I don’t hate my ex-wife. Really. Most of the time I don’t feel anything for her, except a discomforting confusion over how the woman she was when we got married could be so insanely different from the person she is today.

But at times like this—when my sweet, soft-hearted kid looks up at me with big brown kicked-puppy-dog eyes—hatred is really fucking tempting.

So is taking Stacey’s prized possessions—her Christian Louboutin shoes and that stupid Birkin bag and her butt-ugly Chanel dress—and setting them on fire in the backyard. We could roast marshmallows—throw in a couple beers, it’d be just like college.

It would also be . . . unhelpful. Counterproductive.

See, I’m a doctor—an emergency department attending at Lakeside Memorial. I believe in science, medicine. I believe mental and emotional health is every bit as important as physical. I’ve seen sick kids—kids who will never, ever have the chance to get better—and there’s nothing on earth more important to me than my sons’ well-being.

Which means pyromania will only be happening in my dreams.

And while I’ll definitely be calling my ex-wife later to tell her what she should already goddamn know—not to take Spencer somewhere that’s going to aggravate his asthma—right now I crouch down in front of him and do what good divorced parents do.

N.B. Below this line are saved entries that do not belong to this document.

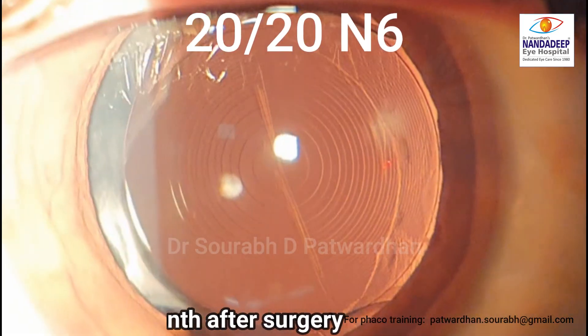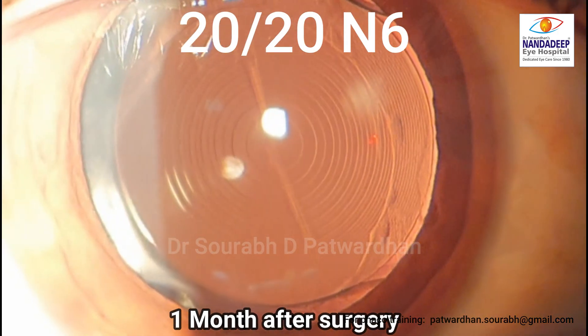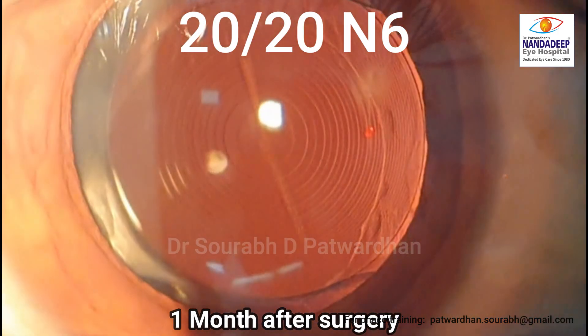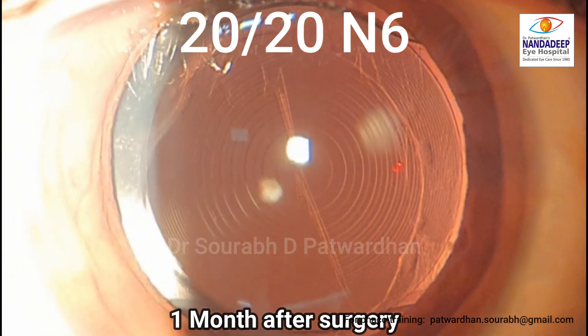This is one month post-operatively. As you can see, the lens is well centered. You can see the posterior capsule rupture, but the IOL appears stable and the patient has great vision.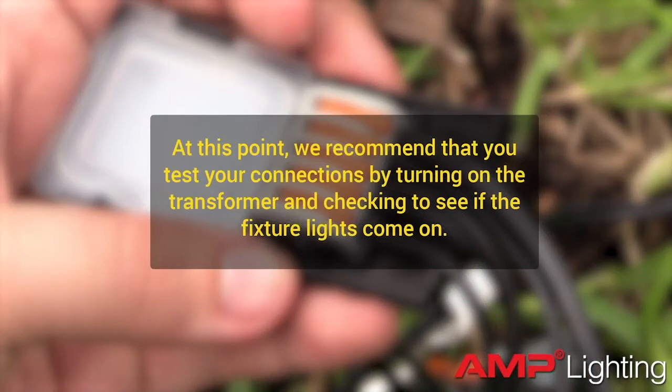At this point, we recommend that you test your connections by turning on the transformer and checking to see if the fixture lights come on.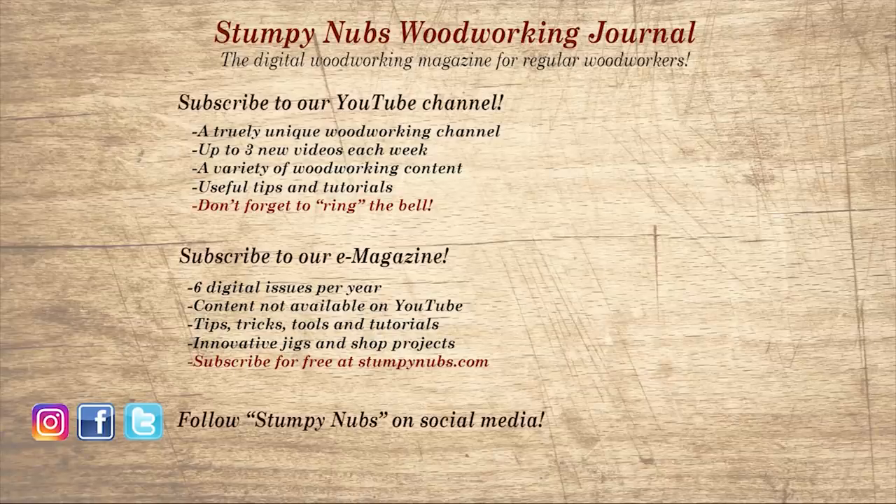If you're new here, please subscribe and remember to ring the bell. Give us a thumbs up, or better yet, leave us a comment — I always read them. And be sure to check out the latest issue of Stumpy Nub's Woodworking Journal, always packed with tips, tricks, and tutorials designed to make you a better woodworker.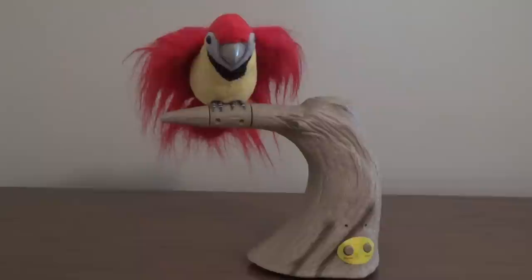Hey guys, Jimmy Fan here on Jimmy Master Remotronics, and what we have here today to show you is the Jimmy Animated Spinning Red Macaw.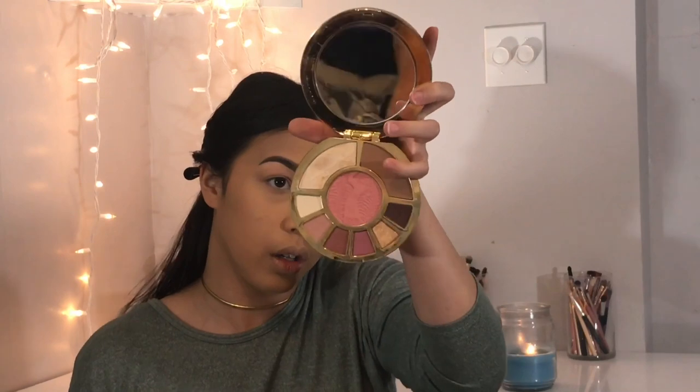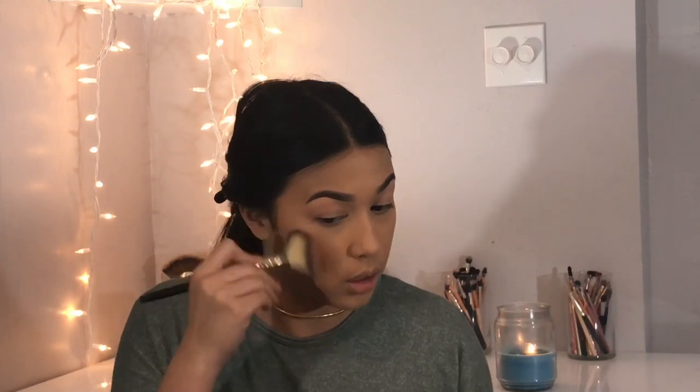Now I'm gonna bronze with the Tarte Ladies Night Clay Palette and a Sigma brush, just warming up the cheekbones since my face is looking a little bland. Then I'm gonna take Bahama Mama by the Balm and a Morphe M510 to contour the cheeks a little bit.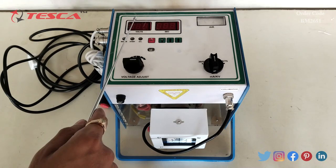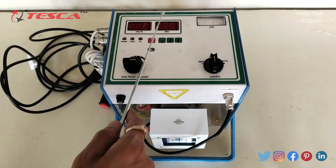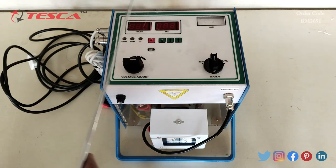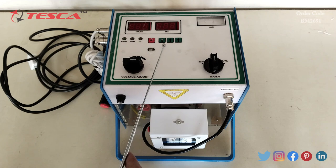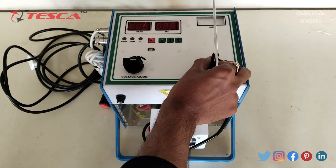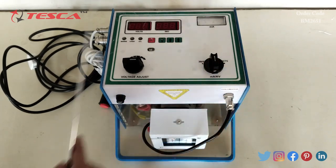Let's see the components of this kit. This is the voltage display, then this is the timer display, then this is the emitter of milliampere range. These are the time adjustment keys, this is the exposure key, and this is the milliampere/kV selection knob. By using this knob we can select milliampere or kV.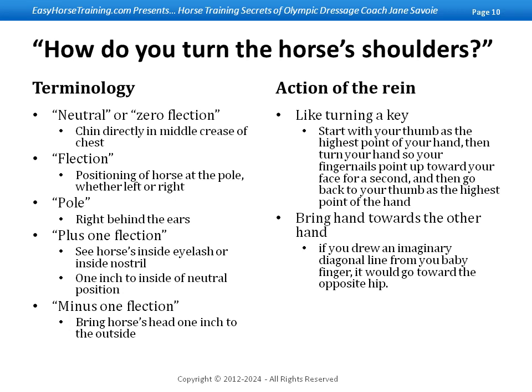As you learn how to turn the horse's shoulders, the first thing you need to learn is how to flex the horse at the poll either left or right. It's the entire hand that's turned — it's not a squeeze and release on the reins. If you squeeze and release, you get flexion at the jaw as opposed to the poll, and when you get flexion at the jaw, all the horse does is close the space between his head and his neck underneath where the throat latch is on the bridle. So that's not what we're looking for. Turn your entire wrist and bring your hand a little bit closer toward the other hand to have that indirect action.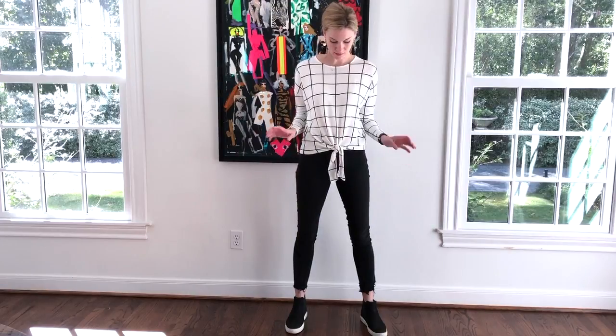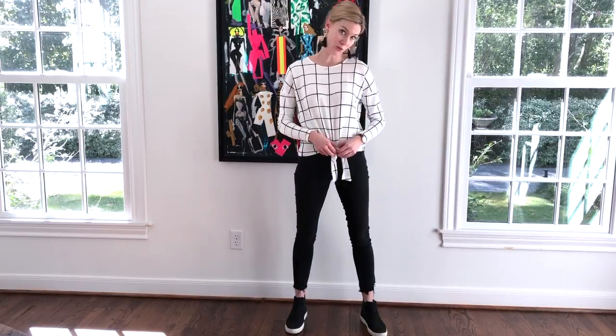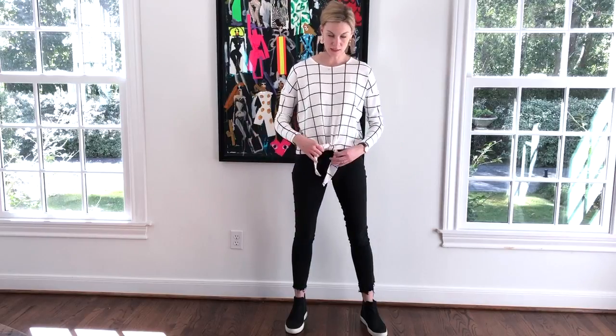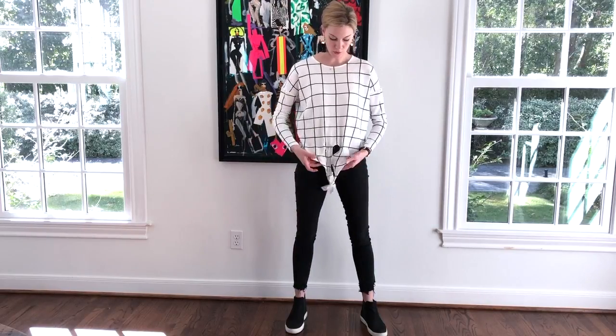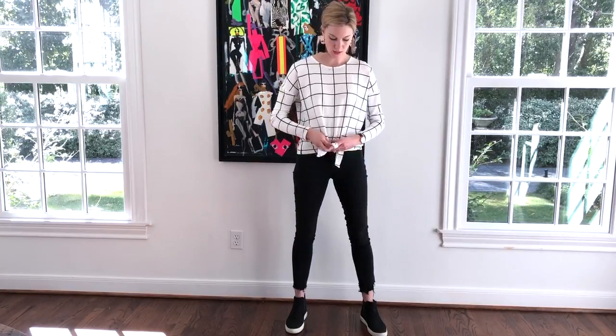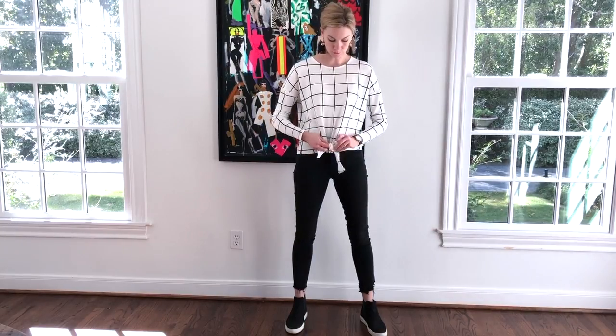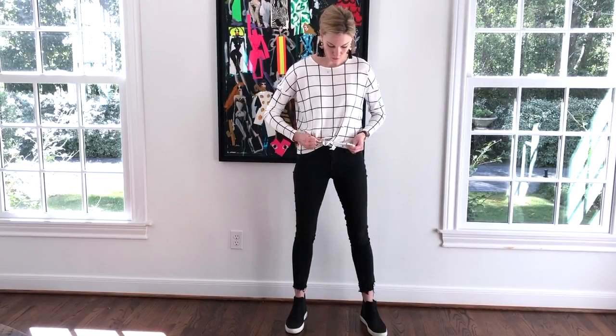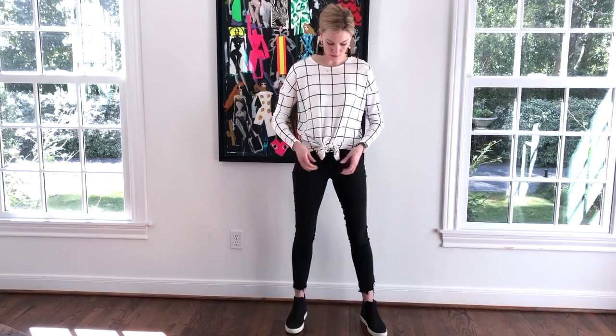What in the world do you do with these things? So I've come up with a solution and I wanted to share it with you guys. Okay, so normally they're like this, but what you do instead is you go like this, and then you make a bow and then you tie the bow.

Suck it up. Make this okay for him. Make him understand how this works, in the gentlest way possible.

My oldest son has other ideas.

“I don’t know why you still see her on her weekends. Brayden and I barely go anymore. Mom’s a bitch, Spencer.”

“Aaron,” my voice snaps, firm and disapproving.

Because a seventeen-year-old’s brain isn’t so different from a dog’s—it’s not the words you say, but how you say them.

“You’re right; that sounded kind of messed up,” he concedes. Then he puts his hand on his brother’s shoulder. “Mom’s an asshole, Spence.”

I give him an irritated look and say the magic words that are guaranteed to remove him from the discussion.

“Isn’t there an electronic device calling your name somewhere?”

He salutes me with his glass of milk. “Touché.”

After Aaron walks out the kitchen door, I turn back to Spencer.

“Mom loves you, buddy.”

“Then why is she acting like this?” he asks in that whispery, wounded tone that isn’t anything like whining.